**Task objective**.
Each entry below is to be copied verbatim, with no line missing.

=== Data supplied ===

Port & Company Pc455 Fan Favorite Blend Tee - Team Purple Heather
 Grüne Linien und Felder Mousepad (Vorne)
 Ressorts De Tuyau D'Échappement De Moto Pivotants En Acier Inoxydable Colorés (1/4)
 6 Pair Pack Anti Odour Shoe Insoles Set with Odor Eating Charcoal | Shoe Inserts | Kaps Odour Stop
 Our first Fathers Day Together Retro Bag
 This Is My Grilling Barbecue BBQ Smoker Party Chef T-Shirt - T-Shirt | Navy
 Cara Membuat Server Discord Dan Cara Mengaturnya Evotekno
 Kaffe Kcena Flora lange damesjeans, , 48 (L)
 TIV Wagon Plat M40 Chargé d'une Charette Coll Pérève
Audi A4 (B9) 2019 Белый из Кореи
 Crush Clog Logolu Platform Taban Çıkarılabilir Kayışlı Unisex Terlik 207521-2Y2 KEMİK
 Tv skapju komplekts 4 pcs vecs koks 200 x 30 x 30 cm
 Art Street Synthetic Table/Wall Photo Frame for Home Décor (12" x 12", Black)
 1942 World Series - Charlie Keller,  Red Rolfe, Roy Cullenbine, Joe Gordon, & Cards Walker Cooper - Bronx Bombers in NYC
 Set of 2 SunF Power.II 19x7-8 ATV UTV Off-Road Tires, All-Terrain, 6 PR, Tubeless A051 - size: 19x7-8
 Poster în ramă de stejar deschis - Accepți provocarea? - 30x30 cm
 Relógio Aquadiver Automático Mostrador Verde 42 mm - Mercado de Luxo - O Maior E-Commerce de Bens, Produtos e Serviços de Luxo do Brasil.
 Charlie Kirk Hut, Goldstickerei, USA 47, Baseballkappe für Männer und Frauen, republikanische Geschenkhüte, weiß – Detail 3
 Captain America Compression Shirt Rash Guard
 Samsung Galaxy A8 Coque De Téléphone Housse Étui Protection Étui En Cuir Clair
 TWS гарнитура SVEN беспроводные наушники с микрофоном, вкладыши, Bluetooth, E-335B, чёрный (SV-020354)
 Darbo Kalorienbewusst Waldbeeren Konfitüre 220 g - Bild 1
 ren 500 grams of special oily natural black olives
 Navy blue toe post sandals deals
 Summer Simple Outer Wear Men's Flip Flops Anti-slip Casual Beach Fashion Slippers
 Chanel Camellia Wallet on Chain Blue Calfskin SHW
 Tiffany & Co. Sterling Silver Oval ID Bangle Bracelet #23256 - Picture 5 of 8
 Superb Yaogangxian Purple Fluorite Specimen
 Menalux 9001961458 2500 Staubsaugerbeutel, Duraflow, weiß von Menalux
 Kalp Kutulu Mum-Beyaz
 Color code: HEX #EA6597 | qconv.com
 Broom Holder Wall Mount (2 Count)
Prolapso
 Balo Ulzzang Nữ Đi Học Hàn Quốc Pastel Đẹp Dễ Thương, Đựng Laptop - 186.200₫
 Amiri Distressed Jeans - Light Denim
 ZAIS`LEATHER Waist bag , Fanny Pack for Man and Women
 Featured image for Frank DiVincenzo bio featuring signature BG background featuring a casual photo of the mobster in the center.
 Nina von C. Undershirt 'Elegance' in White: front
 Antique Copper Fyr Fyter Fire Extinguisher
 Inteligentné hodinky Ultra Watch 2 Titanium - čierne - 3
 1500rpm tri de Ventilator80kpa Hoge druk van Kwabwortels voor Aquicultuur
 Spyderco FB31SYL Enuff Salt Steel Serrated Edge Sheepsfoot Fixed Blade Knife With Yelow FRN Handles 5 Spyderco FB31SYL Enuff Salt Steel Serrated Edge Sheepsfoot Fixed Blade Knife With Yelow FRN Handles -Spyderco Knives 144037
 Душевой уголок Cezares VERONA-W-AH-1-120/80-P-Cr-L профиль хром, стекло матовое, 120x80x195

===

**Task solution**.
Port & Company Pc455 Fan Favorite Blend Tee - Team Purple Heather
 Grüne Linien und Felder Mousepad (Vorne)
 Ressorts De Tuyau D'Échappement De Moto Pivotants En Acier Inoxydable Colorés (1/4)
 6 Pair Pack Anti Odour Shoe Insoles Set with Odor Eating Charcoal | Shoe Inserts | Kaps Odour Stop
 Our first Fathers Day Together Retro Bag
 This Is My Grilling Barbecue BBQ Smoker Party Chef T-Shirt - T-Shirt | Navy
 Cara Membuat Server Discord Dan Cara Mengaturnya Evotekno
 Kaffe Kcena Flora lange damesjeans, , 48 (L)
 TIV Wagon Plat M40 Chargé d'une Charette Coll Pérève
Audi A4 (B9) 2019 Белый из Кореи
 Crush Clog Logolu Platform Taban Çıkarılabilir Kayışlı Unisex Terlik 207521-2Y2 KEMİK
 Tv skapju komplekts 4 pcs vecs koks 200 x 30 x 30 cm
 Art Street Synthetic Table/Wall Photo Frame for Home Décor (12" x 12", Black)
 1942 World Series - Charlie Keller,  Red Rolfe, Roy Cullenbine, Joe Gordon, & Cards Walker Cooper - Bronx Bombers in NYC
 Set of 2 SunF Power.II 19x7-8 ATV UTV Off-Road Tires, All-Terrain, 6 PR, Tubeless A051 - size: 19x7-8
 Poster în ramă de stejar deschis - Accepți provocarea? - 30x30 cm
 Relógio Aquadiver Automático Mostrador Verde 42 mm - Mercado de Luxo - O Maior E-Commerce de Bens, Produtos e Serviços de Luxo do Brasil.
 Charlie Kirk Hut, Goldstickerei, USA 47, Baseballkappe für Männer und Frauen, republikanische Geschenkhüte, weiß – Detail 3
 Captain America Compression Shirt Rash Guard
 Samsung Galaxy A8 Coque De Téléphone Housse Étui Protection Étui En Cuir Clair
 TWS гарнитура SVEN беспроводные наушники с микрофоном, вкладыши, Bluetooth, E-335B, чёрный (SV-020354)
 Darbo Kalorienbewusst Waldbeeren Konfitüre 220 g - Bild 1
 ren 500 grams of special oily natural black olives
 Navy blue toe post sandals deals
 Summer Simple Outer Wear Men's Flip Flops Anti-slip Casual Beach Fashion Slippers
 Chanel Camellia Wallet on Chain Blue Calfskin SHW
 Tiffany & Co. Sterling Silver Oval ID Bangle Bracelet #23256 - Picture 5 of 8
 Superb Yaogangxian Purple Fluorite Specimen
 Menalux 9001961458 2500 Staubsaugerbeutel, Duraflow, weiß von Menalux
 Kalp Kutulu Mum-Beyaz
 Color code: HEX #EA6597 | qconv.com
 Broom Holder Wall Mount (2 Count)
Prolapso
 Balo Ulzzang Nữ Đi Học Hàn Quốc Pastel Đẹp Dễ Thương, Đựng Laptop - 186.200₫
 Amiri Distressed Jeans - Light Denim
 ZAIS`LEATHER Waist bag , Fanny Pack for Man and Women
 Featured image for Frank DiVincenzo bio featuring signature BG background featuring a casual photo of the mobster in the center.
 Nina von C. Undershirt 'Elegance' in White: front
 Antique Copper Fyr Fyter Fire Extinguisher
 Inteligentné hodinky Ultra Watch 2 Titanium - čierne - 3
 1500rpm tri de Ventilator80kpa Hoge druk van Kwabwortels voor Aquicultuur
 Spyderco FB31SYL Enuff Salt Steel Serrated Edge Sheepsfoot Fixed Blade Knife With Yelow FRN Handles 5 Spyderco FB31SYL Enuff Salt Steel Serrated Edge Sheepsfoot Fixed Blade Knife With Yelow FRN Handles -Spyderco Knives 144037
 Душевой уголок Cezares VERONA-W-AH-1-120/80-P-Cr-L профиль хром, стекло матовое, 120x80x195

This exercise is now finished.